Abstract
For complex disease genetics research in human populations, remarkable progress has been made in recent times with the publication of a number of genome-wide association scans (GWAS) and subsequent statistical replications. These studies have identified new genes and pathways implicated in disease, many of which were not known before. Given these early successes, more GWAS are being conducted and planned, both for disease and quantitative phenotypes. Many researchers and clinicians have DNA samples available on collections of families, including both cases and controls. Twin registries around the world have facilitated the collection of large numbers of families, with DNA and multiple quantitative phenotypes collected on twin pairs and their relatives. In the design of a new GWAS with a fixed budget for the number of chips, the question arises whether to include or exclude related individuals. It is commonly believed to be preferable to use unrelated individuals in the first stage of a GWAS because relatives are ‘over-matched’ for genotypes. In this study, we quantify that for GWAS of a quantitative phenotype, relative to a sample of unrelated individuals surprisingly little power is lost when using relatives. The advantages of using relatives are manifold, including the ability to perform more quality control, the choice to perform within-family tests of association that are robust to population stratification, and the ability to perform joint linkage and association analysis. Therefore, the advantages of using relatives in GWAS for quantitative traits may well outweigh the small disadvantage in terms of statistical power.

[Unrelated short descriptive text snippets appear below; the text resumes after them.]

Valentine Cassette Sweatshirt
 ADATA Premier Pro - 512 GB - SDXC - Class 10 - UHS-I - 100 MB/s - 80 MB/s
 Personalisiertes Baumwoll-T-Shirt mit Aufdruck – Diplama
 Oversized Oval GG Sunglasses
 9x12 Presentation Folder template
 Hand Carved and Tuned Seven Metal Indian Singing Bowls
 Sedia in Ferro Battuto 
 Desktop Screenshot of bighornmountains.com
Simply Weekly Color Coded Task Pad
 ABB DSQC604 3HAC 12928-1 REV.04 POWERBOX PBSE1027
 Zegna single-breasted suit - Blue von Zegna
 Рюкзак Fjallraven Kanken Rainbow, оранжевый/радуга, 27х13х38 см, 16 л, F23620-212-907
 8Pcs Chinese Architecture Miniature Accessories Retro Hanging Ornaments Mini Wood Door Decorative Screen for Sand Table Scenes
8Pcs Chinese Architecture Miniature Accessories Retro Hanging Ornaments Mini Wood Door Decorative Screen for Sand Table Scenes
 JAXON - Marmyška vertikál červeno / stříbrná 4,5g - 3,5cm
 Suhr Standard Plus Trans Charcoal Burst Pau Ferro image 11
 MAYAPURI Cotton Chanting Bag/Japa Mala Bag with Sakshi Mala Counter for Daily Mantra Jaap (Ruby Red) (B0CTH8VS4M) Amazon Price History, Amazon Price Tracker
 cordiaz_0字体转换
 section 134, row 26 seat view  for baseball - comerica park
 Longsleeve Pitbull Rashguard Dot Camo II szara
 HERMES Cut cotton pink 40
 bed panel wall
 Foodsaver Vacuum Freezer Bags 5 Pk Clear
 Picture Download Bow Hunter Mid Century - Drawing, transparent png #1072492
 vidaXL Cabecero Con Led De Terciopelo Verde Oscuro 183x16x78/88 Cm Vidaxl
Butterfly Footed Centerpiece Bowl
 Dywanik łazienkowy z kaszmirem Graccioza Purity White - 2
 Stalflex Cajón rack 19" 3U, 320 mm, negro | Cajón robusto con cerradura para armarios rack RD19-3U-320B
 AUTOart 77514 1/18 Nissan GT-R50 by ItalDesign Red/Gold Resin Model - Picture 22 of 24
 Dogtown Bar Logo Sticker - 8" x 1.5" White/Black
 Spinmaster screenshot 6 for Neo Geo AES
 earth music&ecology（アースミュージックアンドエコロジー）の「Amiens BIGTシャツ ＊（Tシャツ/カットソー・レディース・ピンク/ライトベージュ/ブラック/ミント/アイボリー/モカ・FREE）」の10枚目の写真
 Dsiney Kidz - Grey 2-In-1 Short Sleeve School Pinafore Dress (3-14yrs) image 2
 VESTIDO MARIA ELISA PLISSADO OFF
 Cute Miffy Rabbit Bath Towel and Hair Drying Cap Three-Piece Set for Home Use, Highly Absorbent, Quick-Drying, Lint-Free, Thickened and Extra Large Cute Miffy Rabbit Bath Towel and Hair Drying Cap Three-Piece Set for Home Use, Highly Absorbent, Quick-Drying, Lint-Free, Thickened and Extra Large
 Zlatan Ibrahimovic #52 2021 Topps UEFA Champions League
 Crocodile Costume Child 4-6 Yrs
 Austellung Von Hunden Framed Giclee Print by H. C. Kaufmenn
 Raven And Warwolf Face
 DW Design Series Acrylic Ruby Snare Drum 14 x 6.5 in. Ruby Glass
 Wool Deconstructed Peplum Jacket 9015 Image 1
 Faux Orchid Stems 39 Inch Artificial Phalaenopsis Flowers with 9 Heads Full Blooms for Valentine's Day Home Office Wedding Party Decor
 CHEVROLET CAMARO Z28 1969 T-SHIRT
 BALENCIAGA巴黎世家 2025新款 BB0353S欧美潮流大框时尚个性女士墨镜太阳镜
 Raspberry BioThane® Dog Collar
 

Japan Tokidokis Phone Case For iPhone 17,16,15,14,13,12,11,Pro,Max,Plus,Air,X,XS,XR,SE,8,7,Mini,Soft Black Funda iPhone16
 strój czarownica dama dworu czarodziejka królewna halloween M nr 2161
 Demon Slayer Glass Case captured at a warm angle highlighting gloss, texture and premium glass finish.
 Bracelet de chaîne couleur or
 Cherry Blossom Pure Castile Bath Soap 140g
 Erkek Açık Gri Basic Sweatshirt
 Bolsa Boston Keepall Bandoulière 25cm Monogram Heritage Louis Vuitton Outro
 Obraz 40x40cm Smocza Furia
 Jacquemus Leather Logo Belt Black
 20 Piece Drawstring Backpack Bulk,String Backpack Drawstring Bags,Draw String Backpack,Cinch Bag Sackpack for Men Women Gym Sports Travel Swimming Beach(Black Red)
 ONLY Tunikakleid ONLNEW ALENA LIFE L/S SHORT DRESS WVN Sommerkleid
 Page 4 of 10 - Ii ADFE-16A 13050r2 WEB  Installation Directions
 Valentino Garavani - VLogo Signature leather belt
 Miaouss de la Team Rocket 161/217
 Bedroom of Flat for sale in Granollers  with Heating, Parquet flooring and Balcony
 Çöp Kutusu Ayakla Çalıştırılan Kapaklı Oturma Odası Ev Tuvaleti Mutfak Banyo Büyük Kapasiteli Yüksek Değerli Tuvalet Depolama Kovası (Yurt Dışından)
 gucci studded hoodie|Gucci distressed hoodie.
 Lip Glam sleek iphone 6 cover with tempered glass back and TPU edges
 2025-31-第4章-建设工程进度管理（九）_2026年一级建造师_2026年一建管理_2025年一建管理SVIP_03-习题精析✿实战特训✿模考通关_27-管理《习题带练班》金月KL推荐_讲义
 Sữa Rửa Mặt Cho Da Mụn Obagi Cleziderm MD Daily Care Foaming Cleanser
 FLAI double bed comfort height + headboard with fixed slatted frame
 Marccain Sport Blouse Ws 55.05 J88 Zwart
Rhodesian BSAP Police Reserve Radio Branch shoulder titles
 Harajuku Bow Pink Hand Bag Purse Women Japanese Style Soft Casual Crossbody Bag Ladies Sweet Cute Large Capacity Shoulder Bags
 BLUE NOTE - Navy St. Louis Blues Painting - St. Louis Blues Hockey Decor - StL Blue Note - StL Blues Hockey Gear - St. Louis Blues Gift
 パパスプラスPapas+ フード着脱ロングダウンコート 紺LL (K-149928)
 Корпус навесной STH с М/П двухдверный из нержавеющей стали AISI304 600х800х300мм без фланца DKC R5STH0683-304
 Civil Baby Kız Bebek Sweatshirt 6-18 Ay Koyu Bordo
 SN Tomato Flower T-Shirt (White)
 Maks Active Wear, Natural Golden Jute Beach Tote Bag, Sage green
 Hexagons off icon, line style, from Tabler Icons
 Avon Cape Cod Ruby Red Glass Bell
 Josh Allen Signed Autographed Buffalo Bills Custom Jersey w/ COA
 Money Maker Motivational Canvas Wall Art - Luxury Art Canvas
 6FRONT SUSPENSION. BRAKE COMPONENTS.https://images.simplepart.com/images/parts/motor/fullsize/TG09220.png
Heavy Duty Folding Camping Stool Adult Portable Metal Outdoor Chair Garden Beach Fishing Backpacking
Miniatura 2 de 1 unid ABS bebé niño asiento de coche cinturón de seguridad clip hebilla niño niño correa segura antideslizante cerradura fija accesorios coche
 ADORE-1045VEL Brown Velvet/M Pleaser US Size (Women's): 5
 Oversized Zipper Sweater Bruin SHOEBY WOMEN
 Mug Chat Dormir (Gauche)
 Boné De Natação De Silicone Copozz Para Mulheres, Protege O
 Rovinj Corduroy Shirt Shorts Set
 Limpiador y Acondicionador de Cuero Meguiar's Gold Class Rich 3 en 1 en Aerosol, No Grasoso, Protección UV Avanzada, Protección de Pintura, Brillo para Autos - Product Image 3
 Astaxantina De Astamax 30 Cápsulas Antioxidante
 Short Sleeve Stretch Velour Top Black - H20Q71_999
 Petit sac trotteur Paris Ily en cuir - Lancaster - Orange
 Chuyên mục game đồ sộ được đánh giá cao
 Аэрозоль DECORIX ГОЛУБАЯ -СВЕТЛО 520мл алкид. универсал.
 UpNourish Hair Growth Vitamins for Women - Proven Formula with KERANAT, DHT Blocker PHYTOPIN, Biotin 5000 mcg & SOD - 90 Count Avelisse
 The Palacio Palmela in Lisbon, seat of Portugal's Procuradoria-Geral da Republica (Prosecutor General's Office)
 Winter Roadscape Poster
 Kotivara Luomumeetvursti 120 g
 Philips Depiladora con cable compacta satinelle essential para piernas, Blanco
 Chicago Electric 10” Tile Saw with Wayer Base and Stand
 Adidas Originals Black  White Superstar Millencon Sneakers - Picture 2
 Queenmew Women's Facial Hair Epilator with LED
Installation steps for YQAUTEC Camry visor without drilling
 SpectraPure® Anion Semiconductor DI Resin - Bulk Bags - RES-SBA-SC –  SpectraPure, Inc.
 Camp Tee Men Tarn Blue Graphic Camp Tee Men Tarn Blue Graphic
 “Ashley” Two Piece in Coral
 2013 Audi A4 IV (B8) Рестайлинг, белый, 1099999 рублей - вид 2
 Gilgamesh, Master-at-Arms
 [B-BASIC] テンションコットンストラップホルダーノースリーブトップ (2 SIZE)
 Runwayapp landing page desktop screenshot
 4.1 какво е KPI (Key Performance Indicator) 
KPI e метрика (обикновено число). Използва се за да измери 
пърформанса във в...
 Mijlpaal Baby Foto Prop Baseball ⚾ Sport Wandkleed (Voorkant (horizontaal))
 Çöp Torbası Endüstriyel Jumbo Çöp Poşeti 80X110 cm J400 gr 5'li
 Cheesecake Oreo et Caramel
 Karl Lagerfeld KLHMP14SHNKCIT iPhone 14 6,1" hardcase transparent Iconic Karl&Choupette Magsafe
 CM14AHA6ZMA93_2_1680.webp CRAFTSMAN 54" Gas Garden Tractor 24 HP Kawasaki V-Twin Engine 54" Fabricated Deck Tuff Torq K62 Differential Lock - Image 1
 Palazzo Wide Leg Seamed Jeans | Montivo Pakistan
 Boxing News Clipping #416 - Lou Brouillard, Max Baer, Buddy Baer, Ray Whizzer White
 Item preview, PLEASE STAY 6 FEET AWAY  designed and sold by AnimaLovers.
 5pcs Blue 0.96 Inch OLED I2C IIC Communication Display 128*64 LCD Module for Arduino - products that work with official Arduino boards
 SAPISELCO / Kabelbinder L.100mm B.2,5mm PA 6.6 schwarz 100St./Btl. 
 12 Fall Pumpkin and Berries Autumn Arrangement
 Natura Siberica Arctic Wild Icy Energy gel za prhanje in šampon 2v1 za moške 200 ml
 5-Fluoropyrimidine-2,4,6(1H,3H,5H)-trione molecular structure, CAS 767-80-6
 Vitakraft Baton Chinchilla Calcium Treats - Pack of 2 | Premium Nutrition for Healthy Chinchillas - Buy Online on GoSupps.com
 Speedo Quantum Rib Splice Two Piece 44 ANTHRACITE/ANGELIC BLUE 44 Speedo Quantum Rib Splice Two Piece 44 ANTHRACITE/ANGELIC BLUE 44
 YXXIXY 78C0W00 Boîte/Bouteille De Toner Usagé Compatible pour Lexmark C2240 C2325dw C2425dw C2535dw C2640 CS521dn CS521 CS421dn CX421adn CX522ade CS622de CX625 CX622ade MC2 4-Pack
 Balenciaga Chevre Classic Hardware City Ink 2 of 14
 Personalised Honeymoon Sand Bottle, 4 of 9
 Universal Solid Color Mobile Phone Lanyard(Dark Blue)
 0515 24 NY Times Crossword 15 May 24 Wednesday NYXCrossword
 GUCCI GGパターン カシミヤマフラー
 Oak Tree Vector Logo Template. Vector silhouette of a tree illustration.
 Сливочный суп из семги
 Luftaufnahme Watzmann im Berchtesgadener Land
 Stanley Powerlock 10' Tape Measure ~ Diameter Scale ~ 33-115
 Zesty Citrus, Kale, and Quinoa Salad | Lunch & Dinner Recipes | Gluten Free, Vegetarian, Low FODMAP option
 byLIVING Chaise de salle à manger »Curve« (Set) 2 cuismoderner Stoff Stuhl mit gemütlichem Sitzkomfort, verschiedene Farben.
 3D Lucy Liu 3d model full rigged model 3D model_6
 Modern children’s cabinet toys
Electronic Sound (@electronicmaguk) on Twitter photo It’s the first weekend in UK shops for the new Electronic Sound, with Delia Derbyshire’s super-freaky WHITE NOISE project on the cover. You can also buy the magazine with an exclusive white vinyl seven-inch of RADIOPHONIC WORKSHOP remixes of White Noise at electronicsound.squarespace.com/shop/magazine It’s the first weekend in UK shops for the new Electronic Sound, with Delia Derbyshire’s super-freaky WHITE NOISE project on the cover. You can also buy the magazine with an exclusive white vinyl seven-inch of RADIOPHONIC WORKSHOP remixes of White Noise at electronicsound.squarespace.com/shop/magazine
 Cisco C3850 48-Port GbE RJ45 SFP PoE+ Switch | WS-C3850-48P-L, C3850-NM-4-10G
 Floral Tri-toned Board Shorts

Similar content being viewed by others
Introduction
Recent publications of genome-wide association scans (GWAS) for a range of diseases1, 2, 3, 4 and quantitative phenotypes4, 5, 6 have demonstrated the feasibility of this ‘unbiased’ approach to gene discovery. It is now clear from published GWAS that effect sizes are small, with relative genotype risks typically <1.5. For quantitative traits, the individual effect sizes are consistent with <1% of the phenotypic variance being explained by a single polymorphism.4, 5, 7 For such traits, it might appear inefficient to include related individuals in the first stage of a GWAS because relatives are ‘over-matched’ for genotypes. It is known that for simple tests of association with disease, where the assumption of common causal variants is true, the use of relatives at the expense of unrelated individuals can cause a reduction in power. For example, sib-controls are over-matched to index cases, leading to a loss of power compared with unrelated case–control studies.8, 9 Although most GWAS to date have used unrelated cases and controls, a number of studies have used related individuals.6, 10
Numerous association study designs for binary phenotypes were considered by Risch and colleagues8, 9, 11 and recently by others.12 The conclusion from these studies was that selecting multiple cases from multiplex families increased power, in particular for a rare allele with a large effect on disease susceptibility, but that selecting controls that are related decreased power. The reason for the former is that the susceptibility allele is enriched in the multiplex families when there is a strong phenotype–genotype relationship. The reason for the latter is that the controls are over-matched relative to the cases.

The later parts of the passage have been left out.